Community Supported Agriculture emerged in the late 1970s and early 1980s in several places around the world. It’s impossible to credit one country or person with the invention of CSA. In each case, the emphasis on a local food economy was a response to the increasingly-understood negative effects of industrialized agriculture.

JAPAN

In the early 1970s, Japanese citizens were becoming increasingly frustrated with contamination in their food supply. Mercury contamination in Minimata Bay, fraud in organic labeling, and nuclear power plant explosions drove people to search for a safer way to obtain food that circumvented the commercial food system, and provided food that was not chemically tainted. Some 200 Tokyo housewives sat down with local dairy farmers to discuss risk vs. reward: if the farmers promised to deliver “clean” food, the housewives’ families, in return, would pay the farmers directly and at the beginning of the season. Being intentionally designed, the new enterprise also included concepts such as self-distribution and assistance with farm labor. “Teikei” can be translated as “contract” or “food with a face”, illustrating a direct relationship between the farmer and the consumer.

EUROPE

At the same time, in Germany, Trauger Groh, a biodynamic farmer and agrarian, had been studying the work of Rudolph Steiner, an early 20th century philosopher that advanced the ideas of “associative economics”. Parallel to Teikei, associative economics emphasizes development of a marketplace that consciously coordinates consumers, producers, and distributors. It suggests the guiding principle in developing business enterprises should be how human beings’ needs are met, rather than how to drive profit.

 

Buschberghof farm, near Hamburg, was converted from a private farm to a Community Land Trust in reflection of these principles; with the land held in trust it was guaranteed to be farmed biodynamically in perpetuity, and decisions about the farm would be made by a committee of farmers and citizens. Wanting to establish an economy in solidarity between the farmers and the community, Groh and his colleagues started a CSA program at the farm in 1988. Many CSA programs in Europe and the United States have used Groh’s system as a model for their own.

NEW ENGLAND, USA

Simultaneously, farmers in the United States were conceptualizing how to produce organic food for their communities in a way that wouldn’t put the farmers out of business; the “efficiencies” of industrial agriculture had undercut food prices so much that organic farming was a near-impossible venture. In 1986, Robyn Van En, incorporating Teikei, Steiner’s principles, and the small-scale economic theories of E. F. Schumacher, developed a CSA program at Indian Line Farm in Massachusetts to provide organic food to the local community while balancing the financial burden between the farmer and the consumers. Temple-Wilton Community Farm also established their CSA program that year in New Hampshire.
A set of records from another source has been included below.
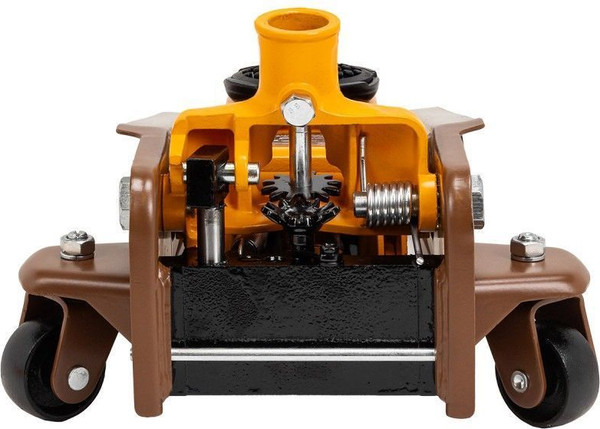 Изображение товара Подкатной домкрат Forstime FT-T830025 (61853)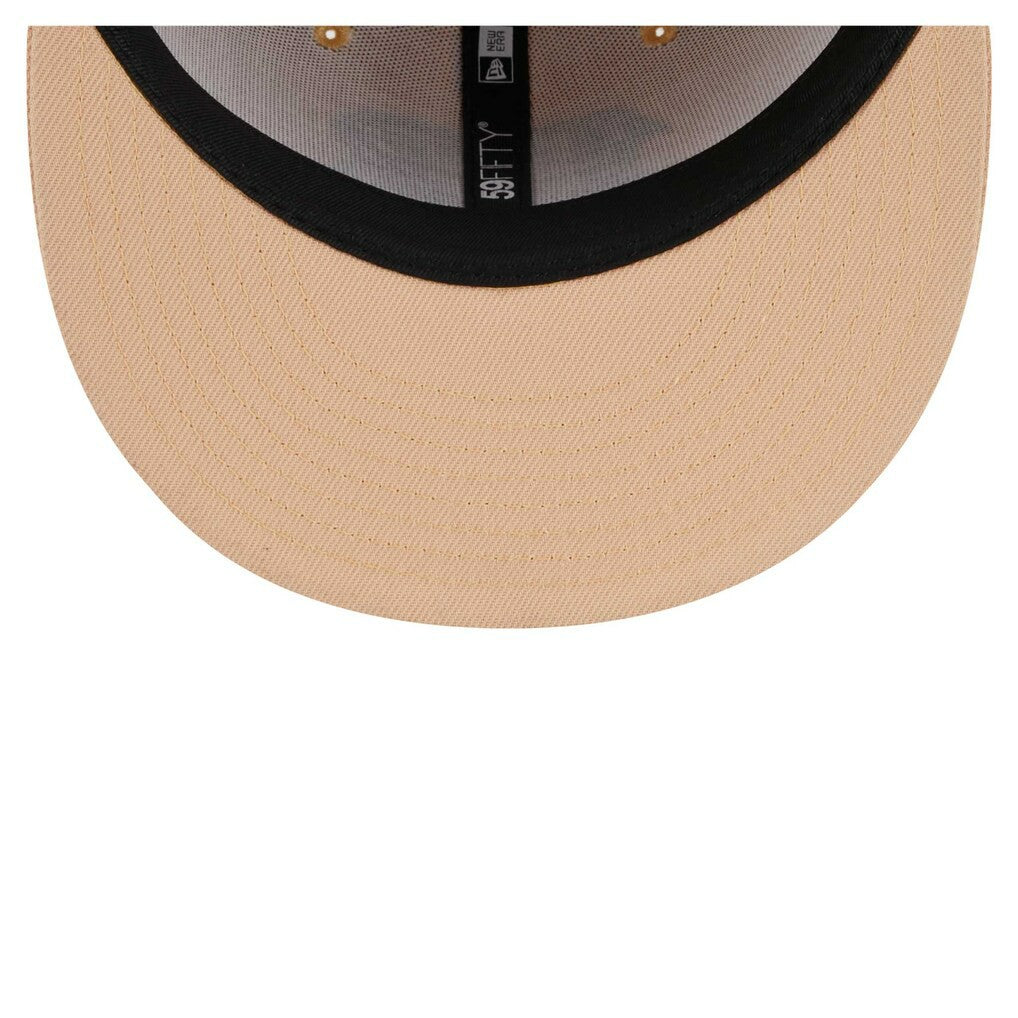 Cincinnati Bengals Candied Pecan 59FIFTY Fitted Hat | NFL Sale
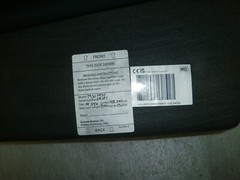 Wheelchair Jay Union Cushion CA30811 Size 19×20″ MJU1920 MAX 300 POUNDS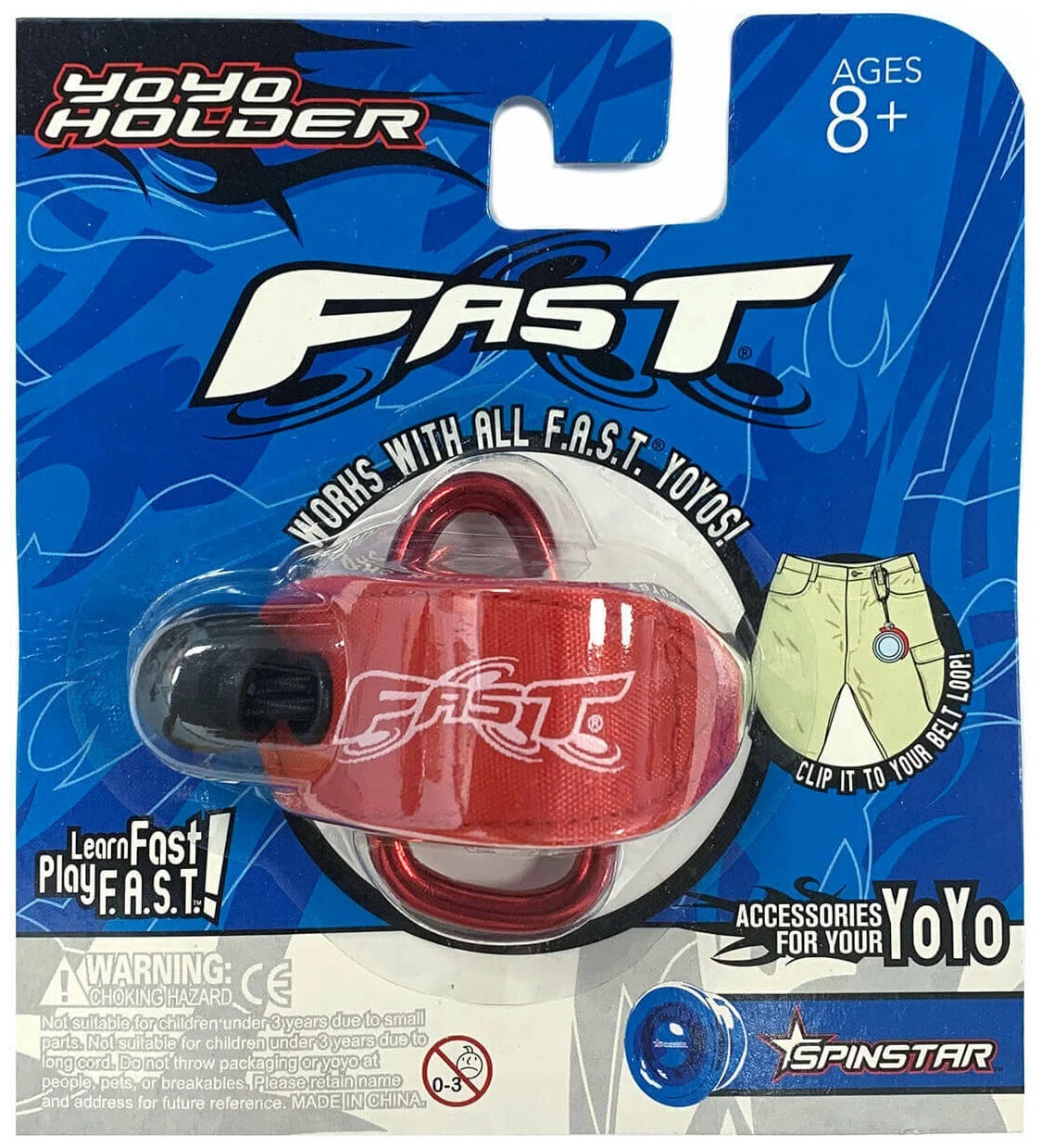 Держатель YYF FAST для йо-йо, универсальный 1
The industrialization of agriculture also served to move farmland out of the hands of family farmers into consolidated, corporate-owned mega-farms. Mechanizing farm labor eliminated a major source of employment, particularly in the American South, and was a primary driver for the Great Migration of Black Americans from the farmland (that had been “promised" to them after emancipation) into large cities. Throughout the 1950s and 60s, the number of farms owned by Black families plummeted.

ALABAMA, USA

Booker T. Whatley was a professor, horticulturalist, and lawyer. He also served in the Army in the Korean War, where he was assigned to run a hydroponic farm in Japan to serve safe food to US troops. Dr. Whatley developed a Diversified Plan for Small Farms, which outlined his “10 Commandments” on how to run a farm that could be profitable business. An underpinning of his philosophy was that the farmers should utilize the farm’s own internal resources — sun, soil, rain, air, plants, animals, people — to maximize output in a regenerative manner. He advocated for Clientele Membership Clubs (analogous to CSA), and other ideas like Pick-Your-Own produce, growing high-value crops that members want (rather than grain), insuring your farm, and having farm members assist with the farm maintenance and harvest.
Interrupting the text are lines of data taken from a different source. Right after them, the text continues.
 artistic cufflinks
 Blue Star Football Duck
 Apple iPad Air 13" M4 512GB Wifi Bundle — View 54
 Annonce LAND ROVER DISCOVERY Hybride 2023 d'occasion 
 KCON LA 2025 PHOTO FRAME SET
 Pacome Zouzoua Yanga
The CSA movement around the world grew from the deep concern people have for growing and consuming healthy, safely-grown food, in a way that allows farmers to stay in business. As more people learn about the food system, interest in CSA continues to grow, and the number of farms offering memberships increases. CSA farms have continued to drive creative innovation to meet the evolving challenges of our world: from testing weather-resistant vegetable varieties, to offering different sized shares for different sized families, to figuring out how to get organic vegetables to low-income people. Given the current climate of challenges that tear at our moral fiber, being part of a community built around a healthy, sustainable food supply is nourishing for both the mind and the body.